E forse, bisognava comprendere che Mattarella non fosse l’uomo adatto a questo tempo osservando il suo portavoce Giovanni Grasso che, nei giorni delle consultazioni, assisteva alla marcia di Salvini e di Luigi Di Maio come quegli anziani che nel passo dei nipoti sentono già l’odore di bruciato della casa. Perfino la cavalleria di Mattarella, i ragionieri di Stato, è stata fatta prigioniera da Rocco Casalino, il portavoce del premier Giuseppe Conte, che ha promesso i “coltelli” per questi “pezzi di m…”.

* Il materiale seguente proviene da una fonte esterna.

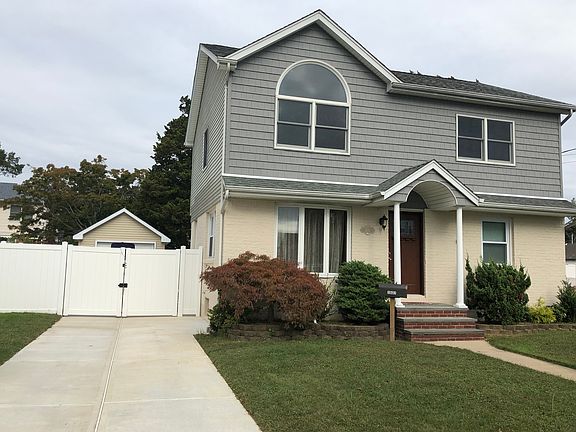 2nd image of 1537 Sidney Pl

Mattarella ha dovuto inghiottire anche questa insopportabile impudenza. E c’è da credere che, se non fosse per il bene di Genova, avrebbe inseguito con la ramazza quel pasticcione del ministro delle Infrastrutture, Danilo Toninelli, che anziché costruire un ponte vero giocava con il modellino insieme a Bruno Vespa o che, ancora avrebbe voluto smascherare questi gabbamondo che pensavano solo a come meglio castigare (i Benetton) ma non a come riconsegnare il ponte ai genovesi. Uomo luttuoso come si dice dei siciliani – ma Mattarella ancora di più per quella sciagura che ha condizionato la sua vita – ogni giorno che passa sembra un presidente piegato dal caso, da quell’imponderabile fatalità che gli è caduta sulle spalle alte e strette ma mai come in queste ore schiacciate.

Mattarella rimane al Quirinale a montare la guardia con la malinconia degli sconfitti, quegli uomini a cui i vincitori hanno concesso di mantenere il palazzo ma solo per fargli comprendere quanto più smisurato sia il loro esilio.